Short descriptive text snippets

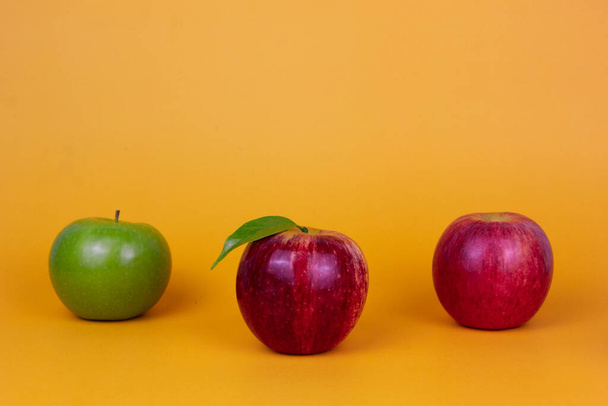 Three different apples green and red fruits isolated on yellow background. Healthy fruits concept ads. and green food for heath - Φωτογραφία, εικόνα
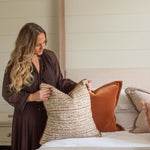 Woman arranging pillows on a bed in a bedroom setting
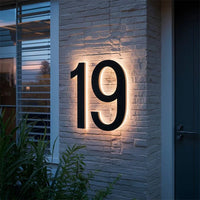 Verlicht zwart huisnummer 19 op een witte bakstenen gevel naast de voordeur, met planten op de voorgrond. 4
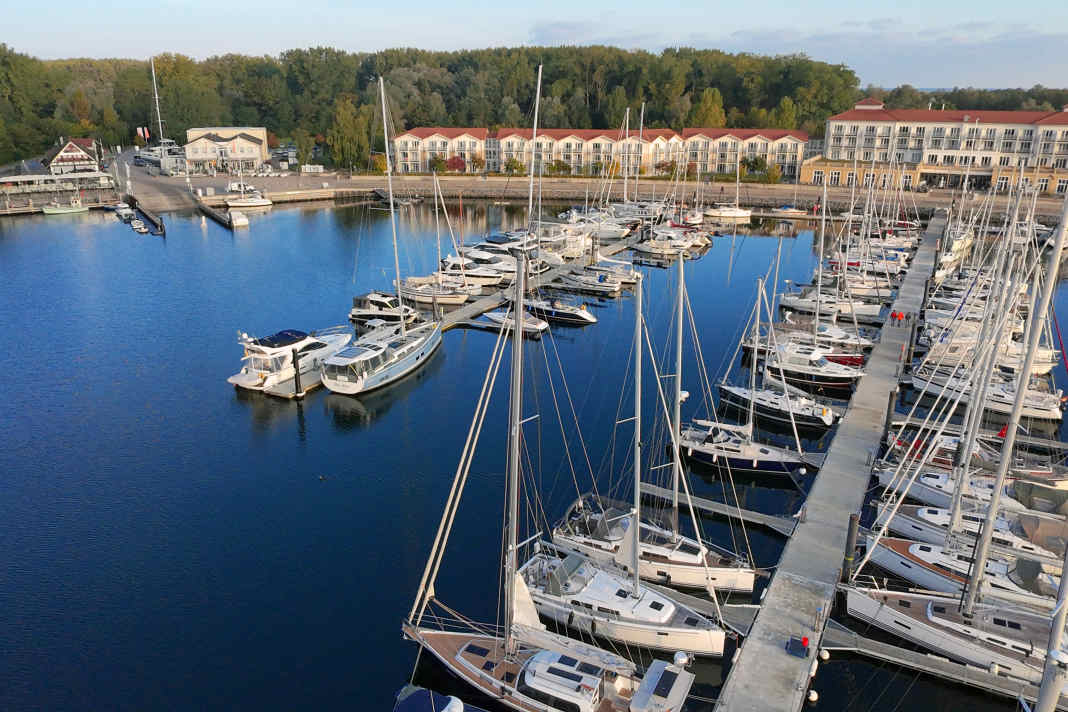 The Boltenhagen Marina with slipway, harbour office and adjacent Lindner Hotel.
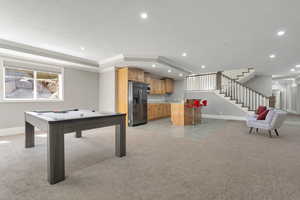 Spacious lower level featuring a wet bar with wood-finish cabinetry, stainless steel refrigerator, and recessed lighting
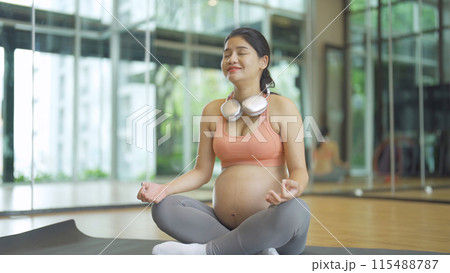 A portrait of happy Asian pregnant woman at gym fitness center club. Having a baby. Training workout. Exercise indoor with sport equipment. Athletic. Family people lifestyle. Mom love. Recreation. 115488787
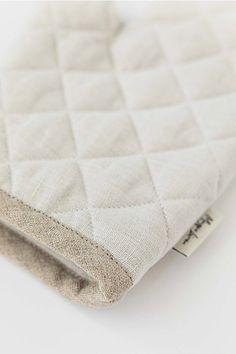 a close up of a white quilted material on a white surface with a tag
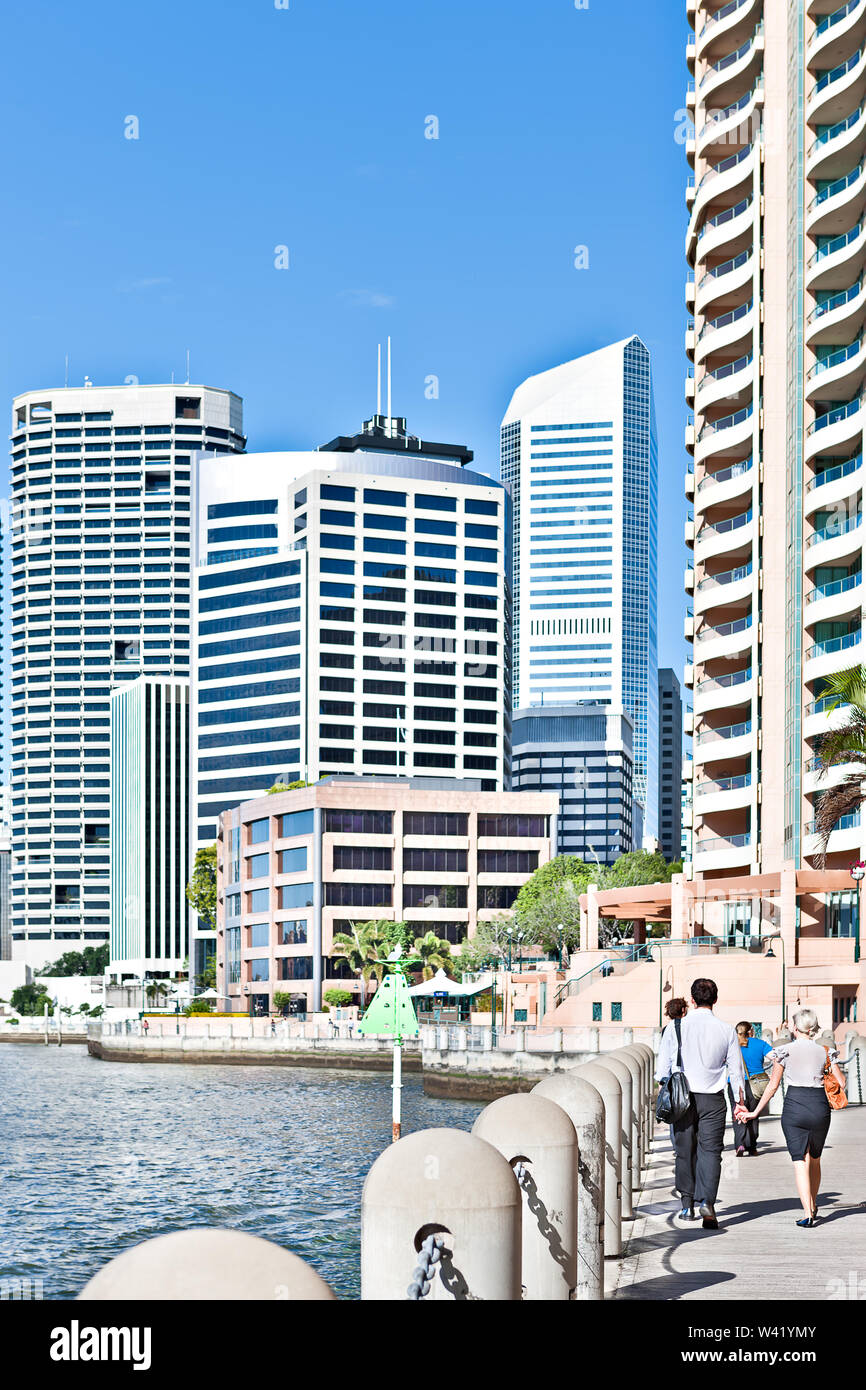 People are walking on the street of a modern city's waterside near to the river and into the huge buildings with blue sky Stock Photo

• **WHAT TO DO**: Could you return each line, unchanged, from the line containing "Spacious lower level" through the last line of the entries above, leaving out the pictures?

• **TASK ANSWER**:
 Spacious lower level featuring a wet bar with wood-finish cabinetry, stainless steel refrigerator, and recessed lighting
 A portrait of happy Asian pregnant woman at gym fitness center club. Having a baby. Training workout. Exercise indoor with sport equipment. Athletic. Family people lifestyle. Mom love. Recreation. 115488787
 a close up of a white quilted material on a white surface with a tag
 People are walking on the street of a modern city's waterside near to the river and into the huge buildings with blue sky Stock Photo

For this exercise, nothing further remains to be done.